A terceira parte da obra “A revolução burguesa no Brasil” foi escrita por Florestan Fernandes especialmente para tal publicação. Intitulada “Revolução burguesa e capitalismo dependente”, no interior de uma publicação feita no ano 1975, em plena ditadura militar no país, é resultado do amadurecimento do autor sobre os conceitos de autocracia burguesia e sobre a condição brasileira e latino-americana de dependência.

Florestan já havia passado por questões centrais em sua obra, pautas muito atuais de problemas que o povo brasileiro ainda hoje precisa se confrontar. Nesse sentido, é fato que percorrer sua trajetória intelectual se confunde com percorrer o processo para entendimento dos principais desafios da classe trabalhadora no Brasil: a questão indígena, a questão de negros e negras, a dependência latino-americana e o caráter da burguesia brasileira, no marco de sua relação com as outras classes sociais.

Do tema do seu mestrado e doutorado sobre a organização social dos tupinambás, passando pela questão da necessária organização da população negra, em “Integração do negro na sociedade” (1964), até chegar a duas obras de ensaio anteriores à “Revolução burguesa no Brasil”, mas que acumularam na compreensão do conceito de dependência, no Brasil e no continente. São as coletâneas de artigos intituladas “Sociedade de classes e subdesenvolvimento” (1968) e “Capitalismo dependente e classes sociais na América Latina” (1973).

Com isso, temos a compreensão do papel antidemocrático, patrimonialista e colonialista da burguesia brasileira. A terceira parte de “A Revolução burguesa no Brasil” se detém justamente sobre este ponto.
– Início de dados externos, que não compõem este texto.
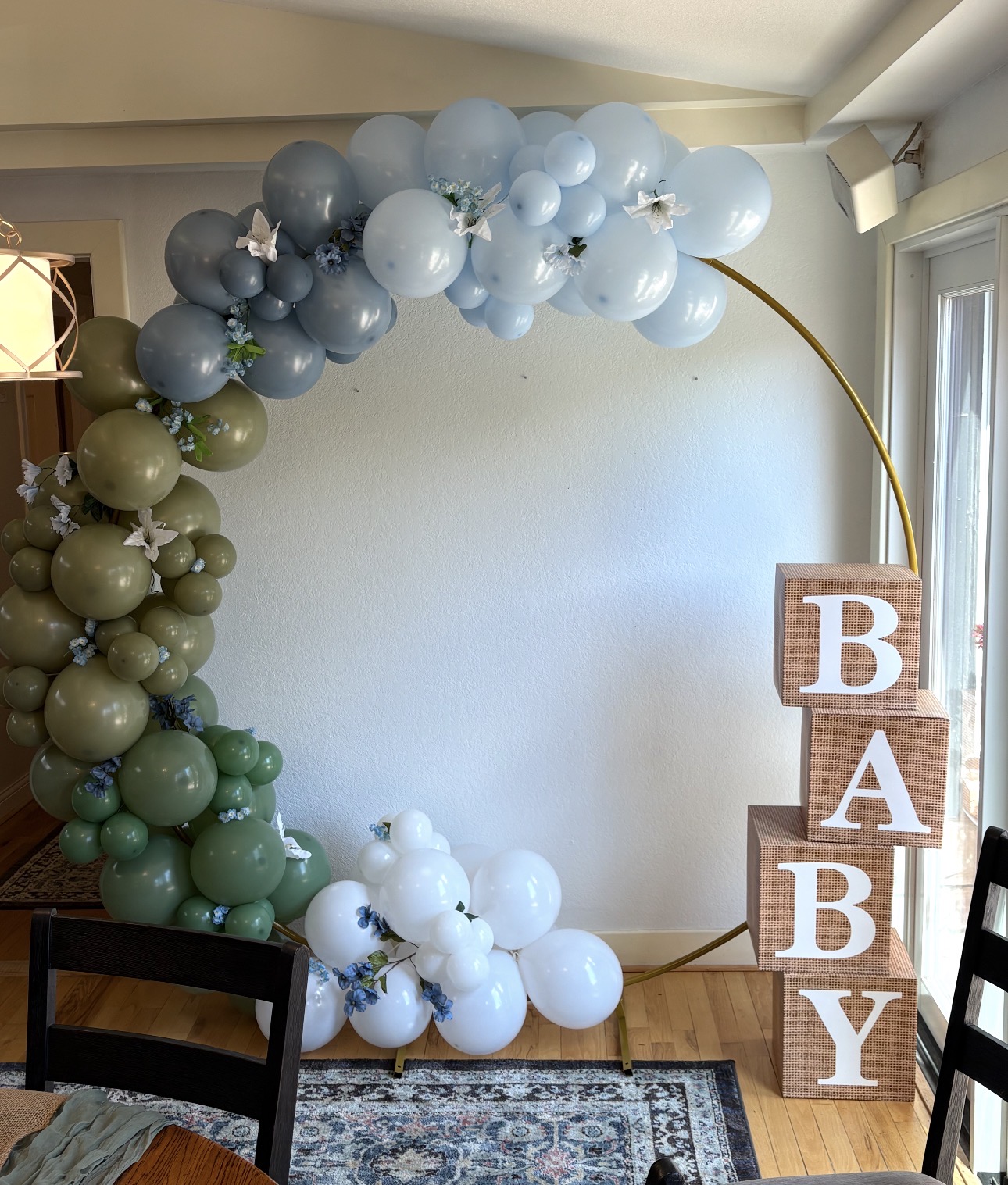 Sage green, dusty blue and white balloon arch with BABY blocks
Tão central para percebermos hoje como setores burgueses apresentam divergências pontuais, porém se unificam em torno da capacidade do governo Bolsonaro de aplicar um programa de venda do patrimônio público, exploração das massas trabalhadoras, mantendo alto índice de desemprego e repressão quando necessário, contra a população das periferias e do campo.

Florestan, por isso mesmo, segue atualíssimo.

Não apenas pela frase rápida de que o caráter da burguesia brasileira é ser antipopular, como costumamos nos referir a ele no cotidiano, mas ao descrever justamente o processo e desenvolvimento da burguesia brasileira enquanto classe social, dentro da particularidade histórica de nosso país, para concluir a conformação de uma autocracia burguesa. Uma burguesia que, formado ao fim da dissolução da ordem colonial, porém carregou e manteve elementos desse colonialismo.

Como vimos no artigo anterior, esse processo resultou em concentração de terras, impossibilidade de criação de um mercado interno de consumo de massas, problema que se prolongou e foi objeto de análise também de outros pensadores do Brasil.

A sociedade civil no país seguiu comprimida. O discurso liberal apenas um mero discurso. Demorou muito a haver qualquer iniciativa séria de integração nacional. O deslocamento da oligarquia tradicional, sua modernização e adaptação, se deu sem confrontos, com um aperto de mão entre a velha classe proprietária no campo e a burguesia em ascensão, que não realizou revolução que ampliasse possíveis “potenciais democráticos”, como sugere Florestan. “Não tínhamos uma burguesia distinta e em conflito de vida e morte com a aristocracia agrária”, afirma, na página 246.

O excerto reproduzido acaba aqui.